Work instructions: What you copy should be the lines from the one with "画像1: オーデリック OD361888R" through the end of the entries, word for word. Omit the pictures.
Segment Start: Available data
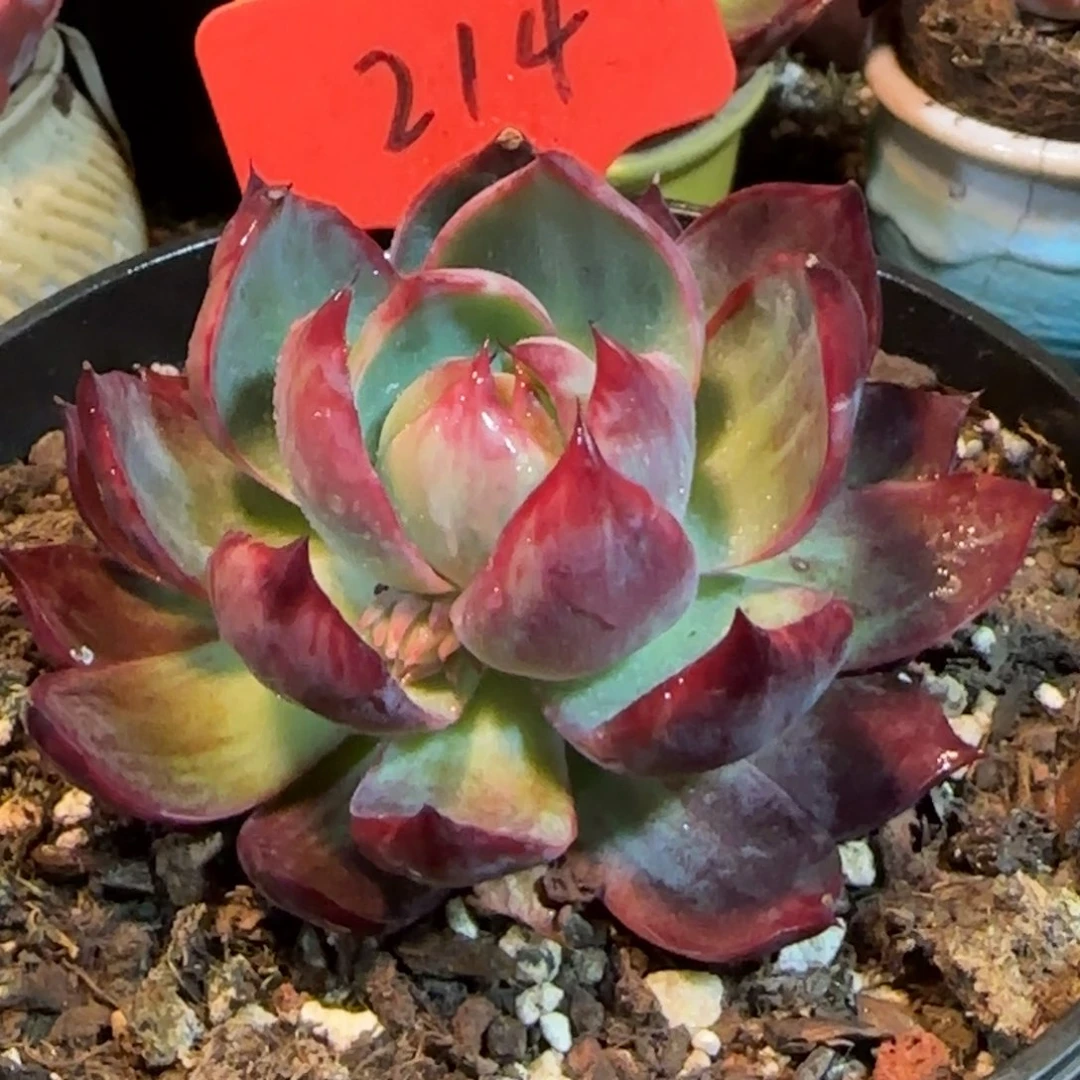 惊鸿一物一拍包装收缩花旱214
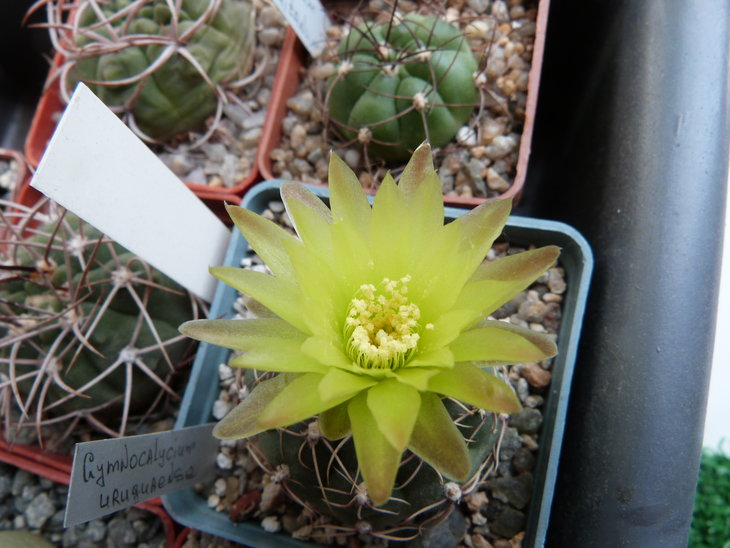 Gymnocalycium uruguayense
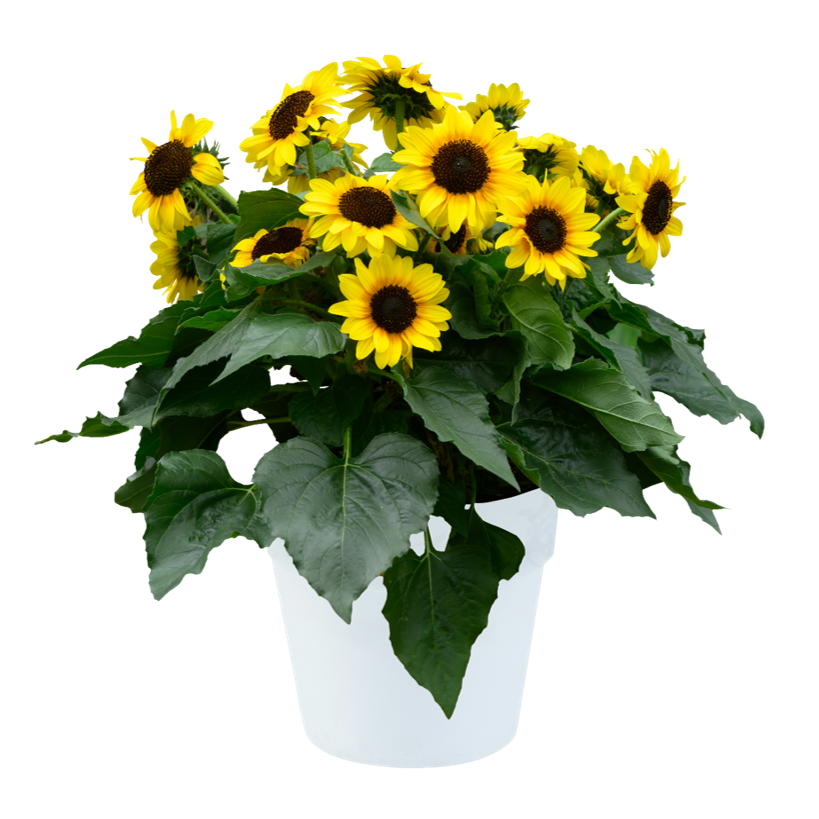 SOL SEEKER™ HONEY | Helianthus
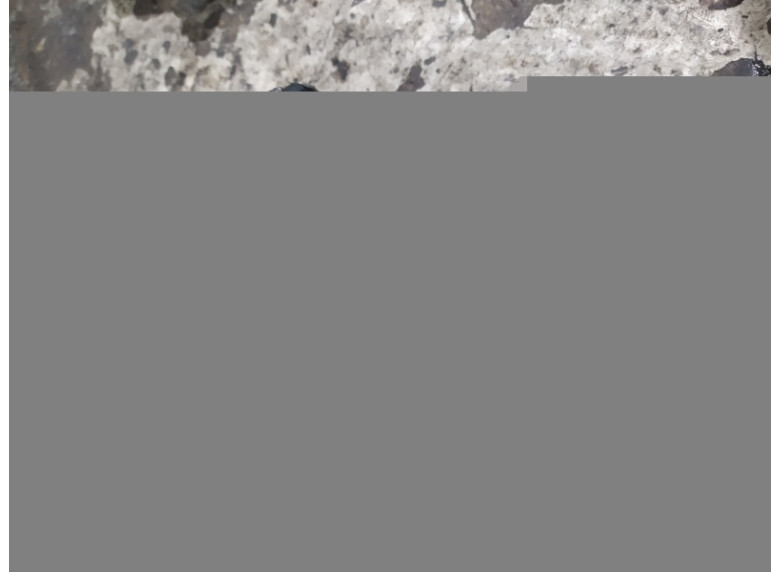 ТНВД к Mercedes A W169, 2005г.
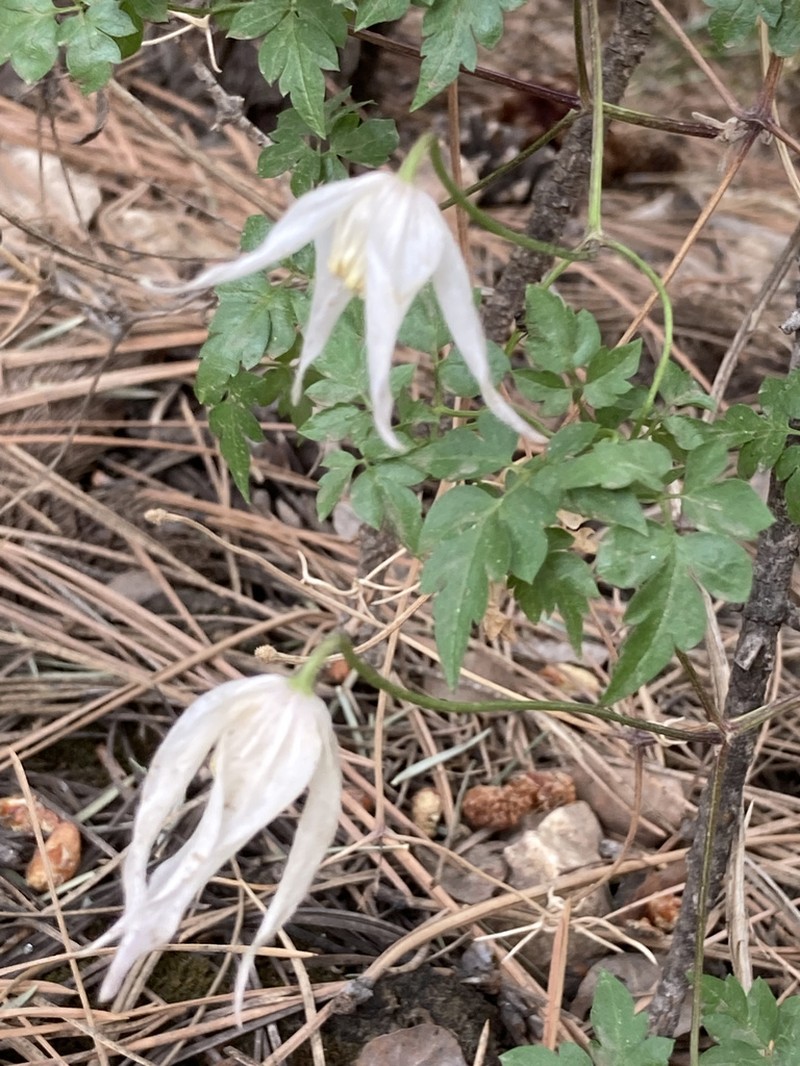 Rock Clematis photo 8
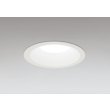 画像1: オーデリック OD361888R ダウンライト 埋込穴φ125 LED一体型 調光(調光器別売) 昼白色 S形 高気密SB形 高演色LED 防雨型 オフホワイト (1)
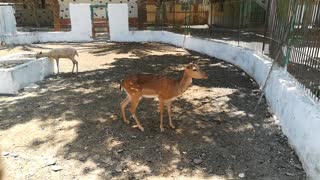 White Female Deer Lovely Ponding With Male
Segment End: Available data
Response to the exercise:
 画像1: オーデリック OD361888R ダウンライト 埋込穴φ125 LED一体型 調光(調光器別売) 昼白色 S形 高気密SB形 高演色LED 防雨型 オフホワイト (1)
 White Female Deer Lovely Ponding With Male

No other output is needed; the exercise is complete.